Now perhaps I’m misunderstanding the terms. My guess is that if someone without experience with myself as a teacher attended my classes for an observation they would classifying me as an “active Latin” teacher. I speak a lot more Latin now than I ever thought possible. But I often use ideas and activities that are considered Grammar-Translation style.
So what is active Latin? I’m struggling to define it mostly because I don’t know what the opposite of active Latin might be. Even when I was structured learning activities around a grammar syllabus, learners were actively engaged with Latin. I would teach a grammar rule and then we read, modified and practiced the language around those structures. There was an active process of learning, although students might not have created “active meaning” from themselves in Latin.
In my classes now, there are some students who frequently express themselves in Latin through class discussions, co-created stories and tasks that ask them to interact with each other while following Latin instructions. But there are many students who do not express meaning in Latin, which they’ve created. They still show me their understanding through question and answers, drawings, gestures among other things.
Although I agree with the sentiment of those attempting to bridge a middle ground, I find myself outside of the discussion. Active Latin doesn’t always work for all students just like Grammar-Translation doesn’t work for all students.
Comprehended Input is how language is learned, whether active or passive. So how do we let go of the things that we’ve become attached to because we find compelling input that we comprehend in those activities and ideas? Instead of shaming one another for not speaking enough Latin or for producing errors in Latin, let’s focus on comprehended input. Even more so, let’s focus on how we can facilitate input to be compelling so that it is more likely to be comprehended. I’ve learned a few things from student learners the last few years. Facilitating compelling input so that it becomes comprehended input is hard work. The same group of students might need something different to engage in comprehending input the very next day. Here are some ideas students have taught me that I think make the bridge between all methods of teaching Latin which have a foundation in compelling input that is comprehended by learners.

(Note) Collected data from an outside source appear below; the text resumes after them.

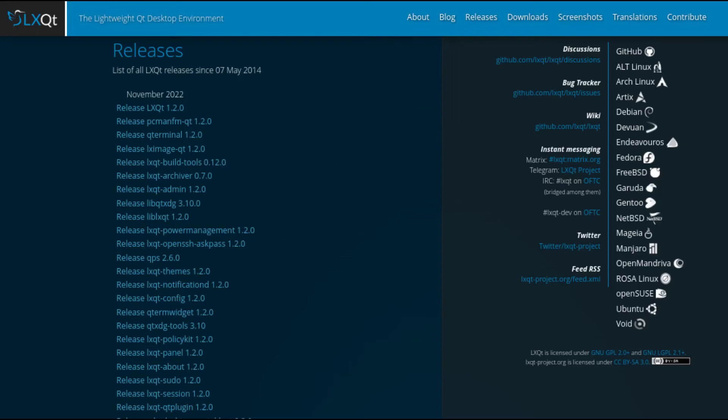Hello, LXQt team announces the release of LXQt 1.2.0, the lightweight Qt desktop environment.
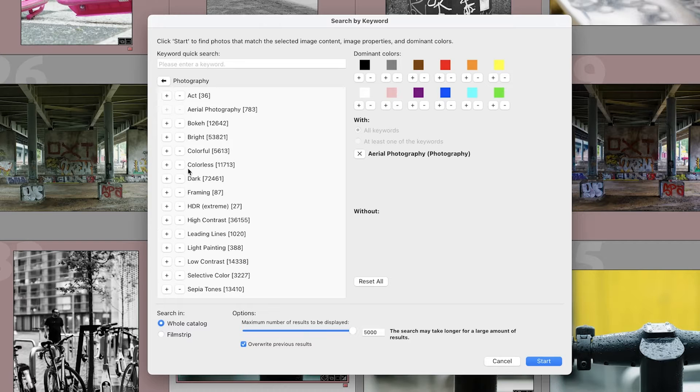Another new feature is that the Keyword Search tool now has AND, OR, and NOT combinations. So there are a lot more options to find your images. You can exclude certain keywords, add them, or have either-or — whatever you need. It makes the search a lot more precise when you're looking for your images, because of course it's not perfect.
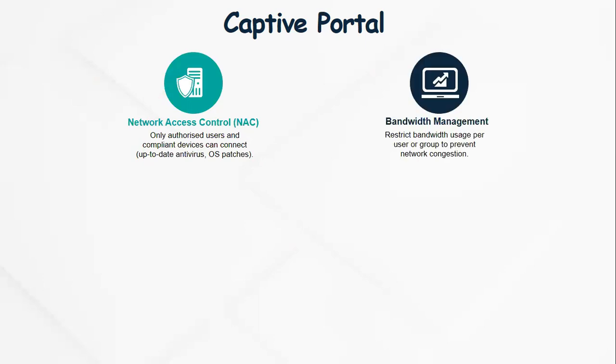A captive portal may be configured to restrict bandwidth usage per user or group to prevent network congestion. In this case, a network owner may decide to restrict the speed and volume of network traffic a user or group of users may be entitled to.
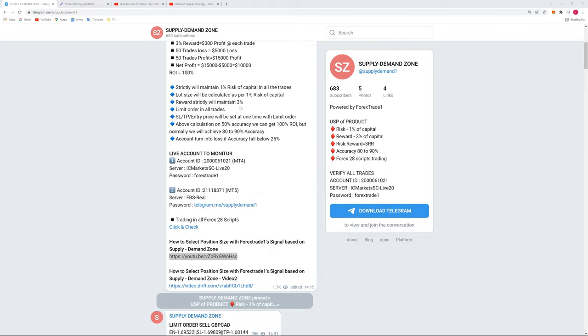Hello everyone, so now we are starting the meeting and welcome to Forex Trade One. As we all know, it's a little bit late today. After many days we are doing this Zoom meeting. The thing is that we have launched our new strategy and today's topic will be completely based on a supply demand strategy only.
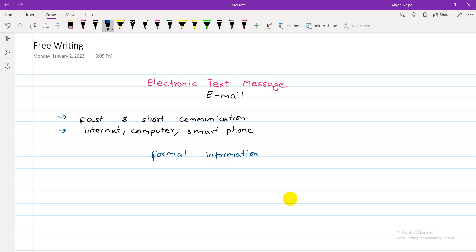Formal emails are used for business purposes — meetings, informing about sick leave, resignation letters, and other business-related matters. Informal emails are for personal, casual messages. Formal messages are direct — we don't need to sugarcoat them; we write directly.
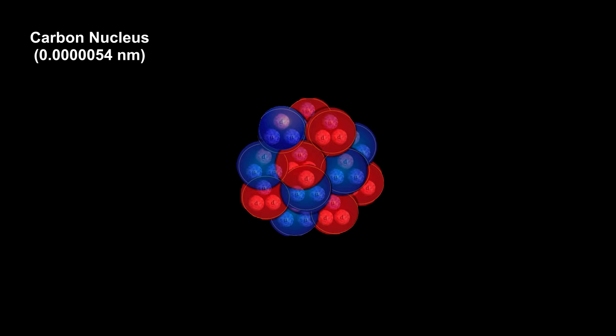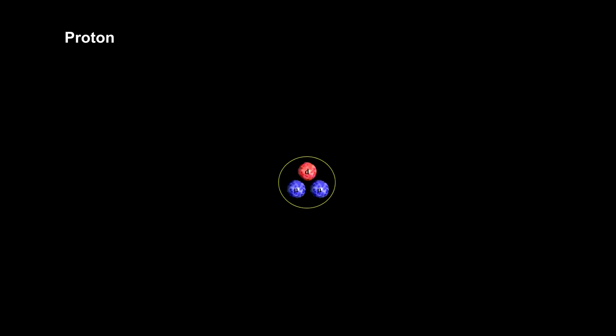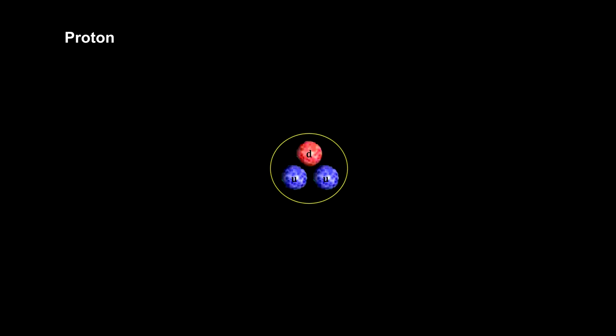The simplest nucleus is hydrogen's. It's just a proton. At this level, the nanometer is way too large, so we'll move to femtometers instead. There are a million femtometers in one nanometer.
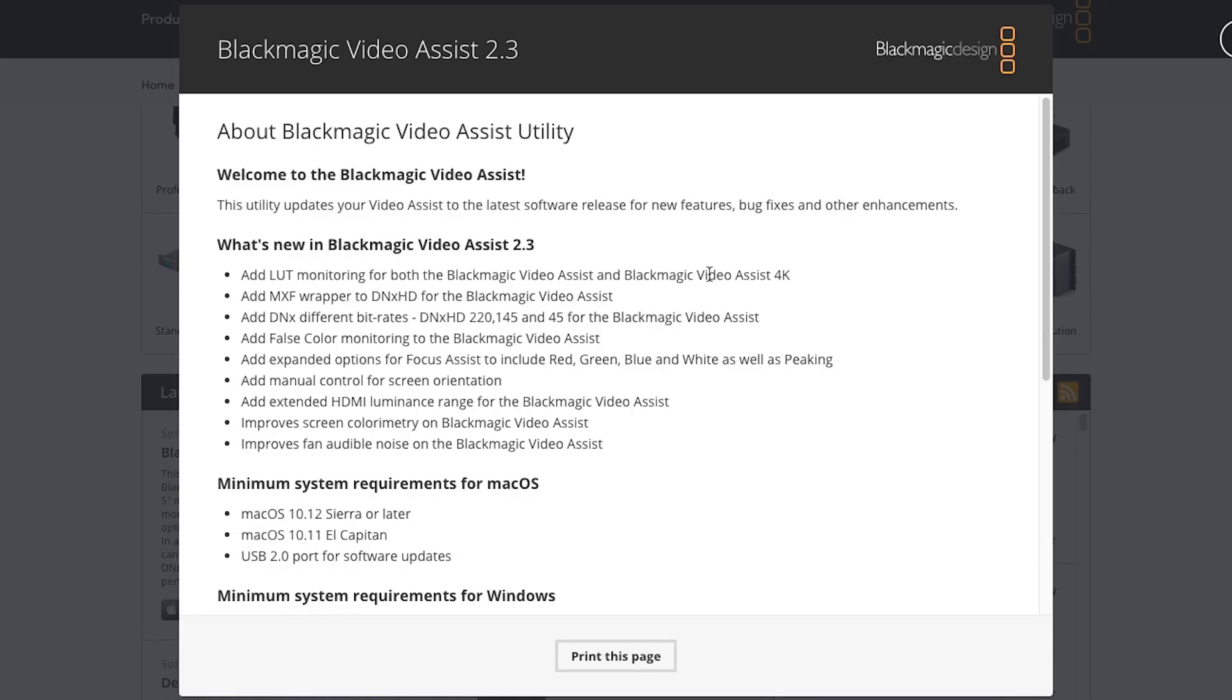This week Blackmagic Design finally released a firmware update I've been waiting for for a very long time, and that's firmware 2.3 for the Video Assist and Video Assist 4K. This adds LUT support for the Video Assist and Video Assist 4K, which I am so happy to see.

- Compelling isn’t always flashy and it rarely happens in the ways I think it will.
- Students need much more processing time than I imagine.
- Many times compelling relates to pacing and not the quality of the message.
- Students want to share about themselves in general.
- Opportunities for students to share anonymously are valuable.
- Some days, it is best if I stop reaching for the compelling and just talk to students in Latin in a way that shows them I want to know what they know.
- Every student can learn how to comprehend meaning in a different language although not every student can learn how to comprehend the intricacies of a certain teaching or learning method.